(WHAT THE EXERCISE ASKS): Keep the pictures out. Write out every line of the listing exactly.

THE DATA below:

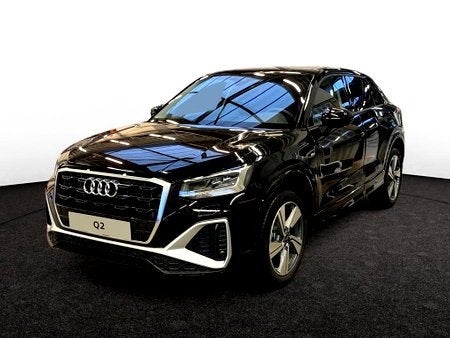 Audi Q2 Audi Q2  Prestige Edition 35 TFSI  110(150) kW(pk) S, Auto's, Automaat, Q2, Zwart, SUV of Terreinwagen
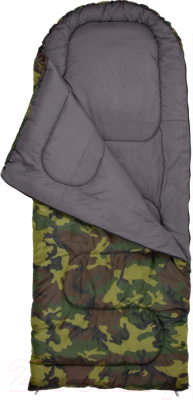 

Спальный мешок Outventure, Toronto T +10 L CAMO Left Zip / S19EOUOS025-U1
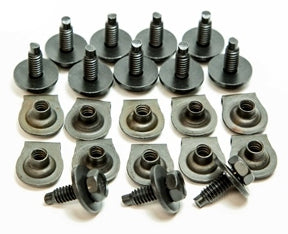 Front Valance Bolt Kit - 68-69 Charger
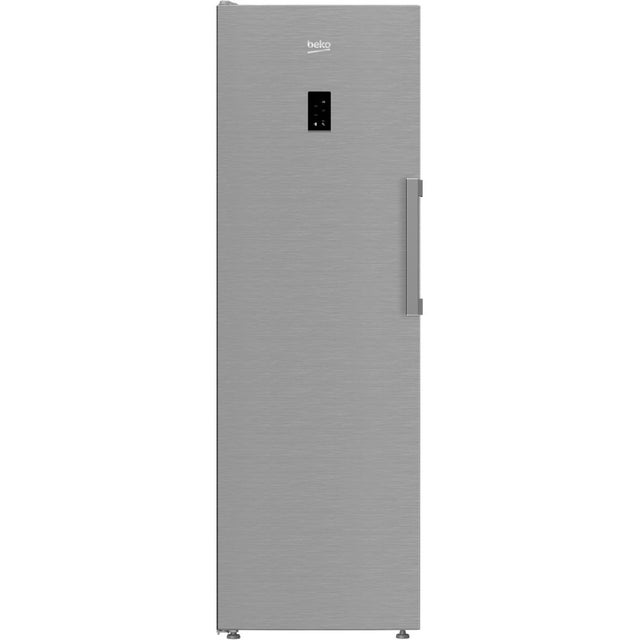 Congelador vertical BEKO B3RMFNE314XB 286L Alto 186cm x 59cm Clase E Look Inox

End of THE DATA.

(ANSWER TO THIS TASK):
 Audi Q2 Audi Q2  Prestige Edition 35 TFSI  110(150) kW(pk) S, Auto's, Automaat, Q2, Zwart, SUV of Terreinwagen

Спальный мешок Outventure, Toronto T +10 L CAMO Left Zip / S19EOUOS025-U1
 Front Valance Bolt Kit - 68-69 Charger
 Congelador vertical BEKO B3RMFNE314XB 286L Alto 186cm x 59cm Clase E Look Inox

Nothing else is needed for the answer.